Но шутить у нас было некому. Двое наших шутников, двое счастливчиков — Саенко и Бугаев почти не обитали в палате. В отличие от нас, белокальсонников, они щеголяли в полосатых госпитальных халатах, которые позволяли им разгуливать по двору. Чуть только дождавшись обхода, они забирали курево, домино и, выставив вперед по гипсовому сапогу — Саенко правую ногу, Бугаев левую,— упрыгивали из палаты. Остальные поглядывали на них с завистью.

Возвращались они только к обеду. От них вкусно, опьяняюще пахло солнцем, ветряной свежестью воли, а иногда и винцом. Оба уже успели загореть, согнать с лица палатную желтизну.
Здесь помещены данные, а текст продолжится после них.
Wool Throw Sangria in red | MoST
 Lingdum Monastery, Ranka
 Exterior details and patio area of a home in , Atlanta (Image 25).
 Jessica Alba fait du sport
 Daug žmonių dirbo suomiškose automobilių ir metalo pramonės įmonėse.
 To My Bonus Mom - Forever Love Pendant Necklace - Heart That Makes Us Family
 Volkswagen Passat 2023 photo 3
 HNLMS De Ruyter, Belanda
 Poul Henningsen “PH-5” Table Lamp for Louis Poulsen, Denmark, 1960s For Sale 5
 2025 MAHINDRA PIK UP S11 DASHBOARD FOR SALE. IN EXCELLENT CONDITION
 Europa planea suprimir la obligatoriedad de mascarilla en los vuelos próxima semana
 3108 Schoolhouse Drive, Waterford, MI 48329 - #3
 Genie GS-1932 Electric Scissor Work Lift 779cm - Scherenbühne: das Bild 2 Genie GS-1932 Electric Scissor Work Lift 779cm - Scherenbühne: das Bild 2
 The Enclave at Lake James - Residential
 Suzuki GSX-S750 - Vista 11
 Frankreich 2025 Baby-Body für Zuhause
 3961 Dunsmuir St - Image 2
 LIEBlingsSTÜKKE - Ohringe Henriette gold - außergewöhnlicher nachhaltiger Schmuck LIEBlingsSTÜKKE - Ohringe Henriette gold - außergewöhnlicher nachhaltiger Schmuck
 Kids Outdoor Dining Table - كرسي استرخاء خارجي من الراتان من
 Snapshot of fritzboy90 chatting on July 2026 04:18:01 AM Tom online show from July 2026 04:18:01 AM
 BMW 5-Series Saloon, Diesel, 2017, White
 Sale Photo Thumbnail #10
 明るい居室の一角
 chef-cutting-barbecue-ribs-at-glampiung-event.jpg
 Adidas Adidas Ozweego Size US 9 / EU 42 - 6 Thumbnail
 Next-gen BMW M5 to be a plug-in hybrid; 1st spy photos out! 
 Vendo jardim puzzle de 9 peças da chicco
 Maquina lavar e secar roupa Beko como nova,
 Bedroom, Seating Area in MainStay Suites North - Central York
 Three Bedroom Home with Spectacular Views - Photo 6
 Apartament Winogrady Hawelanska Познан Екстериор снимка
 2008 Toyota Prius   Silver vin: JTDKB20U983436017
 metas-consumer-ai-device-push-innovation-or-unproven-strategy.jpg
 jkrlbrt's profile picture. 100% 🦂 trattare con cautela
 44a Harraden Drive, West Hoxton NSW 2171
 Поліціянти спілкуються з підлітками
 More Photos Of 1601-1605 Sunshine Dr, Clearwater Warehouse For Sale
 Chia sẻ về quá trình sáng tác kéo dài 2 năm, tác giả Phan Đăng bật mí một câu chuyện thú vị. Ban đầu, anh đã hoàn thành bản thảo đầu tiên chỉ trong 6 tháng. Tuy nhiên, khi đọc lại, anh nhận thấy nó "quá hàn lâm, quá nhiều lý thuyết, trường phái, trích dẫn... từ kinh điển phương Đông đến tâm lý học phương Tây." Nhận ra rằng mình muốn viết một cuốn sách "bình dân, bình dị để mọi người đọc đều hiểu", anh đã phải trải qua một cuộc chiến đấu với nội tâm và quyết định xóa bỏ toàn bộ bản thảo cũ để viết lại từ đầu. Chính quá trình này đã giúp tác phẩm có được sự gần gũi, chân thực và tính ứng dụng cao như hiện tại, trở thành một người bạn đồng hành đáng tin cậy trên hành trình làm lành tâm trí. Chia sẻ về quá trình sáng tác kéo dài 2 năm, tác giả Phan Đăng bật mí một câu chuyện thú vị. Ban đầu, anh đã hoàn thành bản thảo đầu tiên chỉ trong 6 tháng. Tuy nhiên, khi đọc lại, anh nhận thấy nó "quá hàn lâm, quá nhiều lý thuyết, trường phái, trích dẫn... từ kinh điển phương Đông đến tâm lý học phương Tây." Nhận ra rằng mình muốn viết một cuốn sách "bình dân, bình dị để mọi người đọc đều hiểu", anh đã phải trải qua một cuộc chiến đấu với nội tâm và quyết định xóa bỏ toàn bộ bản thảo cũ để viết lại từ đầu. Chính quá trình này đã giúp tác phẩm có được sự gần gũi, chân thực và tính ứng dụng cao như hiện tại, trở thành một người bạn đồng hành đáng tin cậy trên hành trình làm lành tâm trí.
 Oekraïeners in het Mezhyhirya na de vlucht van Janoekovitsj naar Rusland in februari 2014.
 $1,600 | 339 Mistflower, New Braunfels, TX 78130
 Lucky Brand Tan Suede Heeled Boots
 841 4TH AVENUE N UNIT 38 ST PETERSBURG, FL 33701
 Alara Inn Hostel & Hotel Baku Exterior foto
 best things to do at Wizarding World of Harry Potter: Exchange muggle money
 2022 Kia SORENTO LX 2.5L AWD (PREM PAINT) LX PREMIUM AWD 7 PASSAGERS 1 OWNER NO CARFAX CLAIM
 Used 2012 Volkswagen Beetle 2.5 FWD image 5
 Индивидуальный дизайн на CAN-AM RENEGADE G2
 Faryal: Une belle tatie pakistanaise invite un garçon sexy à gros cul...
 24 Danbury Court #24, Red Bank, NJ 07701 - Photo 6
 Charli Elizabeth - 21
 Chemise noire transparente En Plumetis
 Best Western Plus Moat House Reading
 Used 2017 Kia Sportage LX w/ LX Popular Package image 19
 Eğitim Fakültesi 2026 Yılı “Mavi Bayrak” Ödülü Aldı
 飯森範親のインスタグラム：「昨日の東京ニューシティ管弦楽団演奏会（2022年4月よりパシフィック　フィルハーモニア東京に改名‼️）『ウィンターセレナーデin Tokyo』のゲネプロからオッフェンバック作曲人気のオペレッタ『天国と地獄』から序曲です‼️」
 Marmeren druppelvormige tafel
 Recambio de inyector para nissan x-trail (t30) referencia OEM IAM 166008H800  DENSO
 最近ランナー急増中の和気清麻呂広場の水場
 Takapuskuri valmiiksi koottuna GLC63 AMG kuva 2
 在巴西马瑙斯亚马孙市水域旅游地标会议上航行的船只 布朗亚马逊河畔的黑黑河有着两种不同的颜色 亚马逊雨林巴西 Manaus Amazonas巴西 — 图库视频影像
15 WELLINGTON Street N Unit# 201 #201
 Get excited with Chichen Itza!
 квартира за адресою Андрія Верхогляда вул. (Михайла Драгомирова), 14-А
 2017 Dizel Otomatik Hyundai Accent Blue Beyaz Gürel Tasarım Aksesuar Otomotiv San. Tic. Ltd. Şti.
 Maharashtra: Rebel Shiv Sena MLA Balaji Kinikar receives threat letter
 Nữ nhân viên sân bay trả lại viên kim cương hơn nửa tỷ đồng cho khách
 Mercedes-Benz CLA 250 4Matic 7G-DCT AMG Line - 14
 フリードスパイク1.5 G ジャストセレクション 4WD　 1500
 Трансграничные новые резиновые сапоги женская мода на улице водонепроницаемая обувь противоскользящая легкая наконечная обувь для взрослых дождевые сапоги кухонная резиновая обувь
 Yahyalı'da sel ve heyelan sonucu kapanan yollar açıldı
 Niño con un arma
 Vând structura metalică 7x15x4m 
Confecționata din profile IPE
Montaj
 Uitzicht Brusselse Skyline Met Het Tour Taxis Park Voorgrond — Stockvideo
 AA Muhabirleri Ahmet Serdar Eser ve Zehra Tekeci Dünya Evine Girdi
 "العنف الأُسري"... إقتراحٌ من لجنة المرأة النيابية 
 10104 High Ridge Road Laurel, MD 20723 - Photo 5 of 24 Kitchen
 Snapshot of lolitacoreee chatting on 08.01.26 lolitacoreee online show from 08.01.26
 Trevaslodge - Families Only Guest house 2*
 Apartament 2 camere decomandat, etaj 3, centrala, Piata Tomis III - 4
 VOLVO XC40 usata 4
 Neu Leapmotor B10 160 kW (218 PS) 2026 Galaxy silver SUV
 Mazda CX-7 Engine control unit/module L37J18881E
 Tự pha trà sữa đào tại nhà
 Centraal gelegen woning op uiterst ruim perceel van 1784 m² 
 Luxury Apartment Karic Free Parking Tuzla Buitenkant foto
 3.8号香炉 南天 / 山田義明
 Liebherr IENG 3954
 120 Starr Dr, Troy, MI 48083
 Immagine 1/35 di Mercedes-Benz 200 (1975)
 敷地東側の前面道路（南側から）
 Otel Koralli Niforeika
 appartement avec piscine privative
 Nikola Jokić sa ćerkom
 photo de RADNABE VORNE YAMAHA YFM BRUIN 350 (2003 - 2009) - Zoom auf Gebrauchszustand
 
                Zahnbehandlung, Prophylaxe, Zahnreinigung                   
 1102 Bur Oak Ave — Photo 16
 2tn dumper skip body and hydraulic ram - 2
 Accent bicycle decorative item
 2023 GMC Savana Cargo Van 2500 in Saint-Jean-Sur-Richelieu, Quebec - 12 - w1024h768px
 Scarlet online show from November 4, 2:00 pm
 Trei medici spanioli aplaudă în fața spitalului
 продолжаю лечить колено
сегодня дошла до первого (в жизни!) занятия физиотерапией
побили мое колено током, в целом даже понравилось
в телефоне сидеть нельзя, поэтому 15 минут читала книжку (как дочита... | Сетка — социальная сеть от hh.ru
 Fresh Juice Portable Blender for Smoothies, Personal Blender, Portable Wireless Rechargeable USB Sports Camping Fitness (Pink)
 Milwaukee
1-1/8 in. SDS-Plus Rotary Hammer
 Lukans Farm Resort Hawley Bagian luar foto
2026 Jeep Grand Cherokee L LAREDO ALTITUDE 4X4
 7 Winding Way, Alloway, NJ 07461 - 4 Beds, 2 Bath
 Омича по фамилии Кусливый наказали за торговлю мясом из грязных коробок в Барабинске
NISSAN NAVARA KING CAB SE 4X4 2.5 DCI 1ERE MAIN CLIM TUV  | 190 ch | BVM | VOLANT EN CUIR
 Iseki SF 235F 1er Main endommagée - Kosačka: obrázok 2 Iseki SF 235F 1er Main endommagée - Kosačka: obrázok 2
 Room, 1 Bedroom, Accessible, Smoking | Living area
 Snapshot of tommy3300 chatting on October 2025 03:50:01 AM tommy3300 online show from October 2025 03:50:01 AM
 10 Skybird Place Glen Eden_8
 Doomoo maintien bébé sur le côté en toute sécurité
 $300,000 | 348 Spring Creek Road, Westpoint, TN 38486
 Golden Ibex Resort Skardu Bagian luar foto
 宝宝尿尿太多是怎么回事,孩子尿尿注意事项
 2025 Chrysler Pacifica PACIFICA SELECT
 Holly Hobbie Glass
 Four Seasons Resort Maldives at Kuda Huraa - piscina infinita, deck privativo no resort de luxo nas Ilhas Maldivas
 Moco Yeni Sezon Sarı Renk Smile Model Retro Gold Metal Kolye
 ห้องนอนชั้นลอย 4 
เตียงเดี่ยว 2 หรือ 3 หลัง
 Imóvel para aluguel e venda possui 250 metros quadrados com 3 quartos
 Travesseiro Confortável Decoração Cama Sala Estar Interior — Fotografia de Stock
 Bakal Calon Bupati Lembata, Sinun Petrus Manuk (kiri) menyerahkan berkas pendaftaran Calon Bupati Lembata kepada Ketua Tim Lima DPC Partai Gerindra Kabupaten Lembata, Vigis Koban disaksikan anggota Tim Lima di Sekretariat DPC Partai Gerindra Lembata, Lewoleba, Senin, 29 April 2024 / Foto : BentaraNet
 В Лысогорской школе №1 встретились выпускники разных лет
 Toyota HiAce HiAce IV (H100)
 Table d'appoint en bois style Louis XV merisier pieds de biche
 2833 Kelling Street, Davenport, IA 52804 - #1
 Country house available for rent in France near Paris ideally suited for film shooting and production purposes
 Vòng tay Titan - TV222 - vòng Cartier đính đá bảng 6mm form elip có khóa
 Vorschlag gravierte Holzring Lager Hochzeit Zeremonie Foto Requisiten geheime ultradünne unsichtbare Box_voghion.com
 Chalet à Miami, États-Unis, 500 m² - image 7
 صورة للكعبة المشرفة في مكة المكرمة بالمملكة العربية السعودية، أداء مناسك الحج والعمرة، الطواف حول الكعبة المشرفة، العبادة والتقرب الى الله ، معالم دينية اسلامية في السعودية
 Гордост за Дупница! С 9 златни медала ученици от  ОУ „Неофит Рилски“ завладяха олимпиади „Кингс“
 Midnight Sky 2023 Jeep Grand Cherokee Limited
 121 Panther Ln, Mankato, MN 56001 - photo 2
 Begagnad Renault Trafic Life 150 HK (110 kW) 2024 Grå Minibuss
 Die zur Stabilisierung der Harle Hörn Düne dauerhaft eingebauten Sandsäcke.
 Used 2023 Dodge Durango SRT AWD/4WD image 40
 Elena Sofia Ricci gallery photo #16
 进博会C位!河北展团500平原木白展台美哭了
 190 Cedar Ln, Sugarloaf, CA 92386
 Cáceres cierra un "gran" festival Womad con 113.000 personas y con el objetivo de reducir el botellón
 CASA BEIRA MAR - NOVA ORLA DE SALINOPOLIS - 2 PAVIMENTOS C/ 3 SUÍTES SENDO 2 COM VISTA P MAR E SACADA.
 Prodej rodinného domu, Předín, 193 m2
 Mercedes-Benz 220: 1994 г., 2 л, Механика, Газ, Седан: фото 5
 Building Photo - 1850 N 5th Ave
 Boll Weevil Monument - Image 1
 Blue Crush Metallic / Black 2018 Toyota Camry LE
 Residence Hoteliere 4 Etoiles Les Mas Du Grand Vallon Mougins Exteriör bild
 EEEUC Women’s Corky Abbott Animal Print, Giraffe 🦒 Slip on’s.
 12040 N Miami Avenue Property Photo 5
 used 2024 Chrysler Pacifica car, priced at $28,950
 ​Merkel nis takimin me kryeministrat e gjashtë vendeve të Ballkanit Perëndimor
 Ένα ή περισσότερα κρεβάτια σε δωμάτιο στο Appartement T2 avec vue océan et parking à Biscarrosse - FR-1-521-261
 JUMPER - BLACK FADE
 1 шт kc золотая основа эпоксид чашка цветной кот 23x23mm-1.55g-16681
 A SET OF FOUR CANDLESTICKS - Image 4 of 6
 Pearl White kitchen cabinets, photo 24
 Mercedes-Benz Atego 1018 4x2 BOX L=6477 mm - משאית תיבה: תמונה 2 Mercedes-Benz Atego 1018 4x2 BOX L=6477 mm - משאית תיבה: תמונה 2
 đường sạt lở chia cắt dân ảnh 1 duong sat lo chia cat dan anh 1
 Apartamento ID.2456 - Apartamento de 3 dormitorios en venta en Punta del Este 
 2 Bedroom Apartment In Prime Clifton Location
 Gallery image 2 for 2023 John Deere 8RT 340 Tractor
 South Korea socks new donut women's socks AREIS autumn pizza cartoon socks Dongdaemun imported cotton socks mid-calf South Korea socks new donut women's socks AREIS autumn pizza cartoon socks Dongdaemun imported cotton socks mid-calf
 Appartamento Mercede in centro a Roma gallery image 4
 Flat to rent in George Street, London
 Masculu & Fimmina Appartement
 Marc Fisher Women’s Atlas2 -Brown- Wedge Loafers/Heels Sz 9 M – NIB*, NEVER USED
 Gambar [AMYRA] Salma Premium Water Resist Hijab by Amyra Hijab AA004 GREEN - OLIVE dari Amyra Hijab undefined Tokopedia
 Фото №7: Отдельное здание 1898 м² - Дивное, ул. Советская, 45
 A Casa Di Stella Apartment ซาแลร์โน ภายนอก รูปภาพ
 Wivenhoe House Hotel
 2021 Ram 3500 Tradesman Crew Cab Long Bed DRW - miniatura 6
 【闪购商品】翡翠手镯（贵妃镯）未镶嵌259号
А за окном было действительно невообразимо хорошо. Уже курились зеленым дымком верхушки госпитальных тополей, и когда Саенко, уходя, открывал для нас окно, которое, в общем-то, открывать не разрешалось, мы пьянели от пряной тополевой горечи ворвавшегося воздуха. А тут еще повадился под окно зяблик. Каждый вечер на закате он садился на самую последнюю ветку, выше которой уже ничего не было, и начинал выворачивать нам души своей развеселой цыганистой трелью, заставляя надолго всех присмиреть и задуматься.

Сестра Таня, приходившая в шестом часу ставить термометры, в строгом негодовании первым делом шла к окну, чтобы захлопнуть створки, но Михай вставал в проходе между коек и преграждал ей дорогу:

— Нэ надо… Что тебе стоит?

— Схватите пневмонию. Разве вам мало форточки?

— А! — морщился молдаванин.— Ты послушай, послушай… Птица поет.— Михай культей обнимал Таню за плечо и подводил к подоконнику.— Слышишь, как поет? А ты говоришь — форточка!